=== What the task requires ===
Take the line containing "Select a league" and every line after it in the data below, and print them exactly as given, with nothing else.

--- Dataset entries Enclosed Below ---

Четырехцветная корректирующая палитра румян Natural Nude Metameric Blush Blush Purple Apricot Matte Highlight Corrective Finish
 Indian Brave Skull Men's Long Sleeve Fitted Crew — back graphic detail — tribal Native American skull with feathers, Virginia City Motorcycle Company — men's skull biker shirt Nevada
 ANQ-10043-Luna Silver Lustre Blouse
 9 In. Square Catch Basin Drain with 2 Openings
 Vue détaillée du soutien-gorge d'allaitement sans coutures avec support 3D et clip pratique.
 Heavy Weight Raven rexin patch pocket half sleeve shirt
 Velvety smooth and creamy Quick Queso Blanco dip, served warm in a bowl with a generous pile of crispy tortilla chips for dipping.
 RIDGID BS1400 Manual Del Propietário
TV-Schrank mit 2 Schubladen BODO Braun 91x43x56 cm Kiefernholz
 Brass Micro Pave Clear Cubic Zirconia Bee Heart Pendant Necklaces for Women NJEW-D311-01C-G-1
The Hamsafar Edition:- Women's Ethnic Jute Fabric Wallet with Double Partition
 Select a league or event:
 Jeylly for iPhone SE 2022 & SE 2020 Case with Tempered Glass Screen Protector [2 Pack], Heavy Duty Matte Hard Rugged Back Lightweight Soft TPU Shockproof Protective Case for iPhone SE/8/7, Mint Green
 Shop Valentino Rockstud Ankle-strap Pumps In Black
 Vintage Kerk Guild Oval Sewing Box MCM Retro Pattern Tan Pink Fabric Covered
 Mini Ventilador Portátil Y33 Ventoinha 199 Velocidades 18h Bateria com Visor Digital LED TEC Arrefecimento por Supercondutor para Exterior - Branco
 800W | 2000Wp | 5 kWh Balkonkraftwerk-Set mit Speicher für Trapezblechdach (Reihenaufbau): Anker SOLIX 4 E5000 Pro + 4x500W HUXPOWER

--- End of Enclosed Dataset entries ---

=== Solution ===
 Select a league or event:
 Jeylly for iPhone SE 2022 & SE 2020 Case with Tempered Glass Screen Protector [2 Pack], Heavy Duty Matte Hard Rugged Back Lightweight Soft TPU Shockproof Protective Case for iPhone SE/8/7, Mint Green
 Shop Valentino Rockstud Ankle-strap Pumps In Black
 Vintage Kerk Guild Oval Sewing Box MCM Retro Pattern Tan Pink Fabric Covered
 Mini Ventilador Portátil Y33 Ventoinha 199 Velocidades 18h Bateria com Visor Digital LED TEC Arrefecimento por Supercondutor para Exterior - Branco
 800W | 2000Wp | 5 kWh Balkonkraftwerk-Set mit Speicher für Trapezblechdach (Reihenaufbau): Anker SOLIX 4 E5000 Pro + 4x500W HUXPOWER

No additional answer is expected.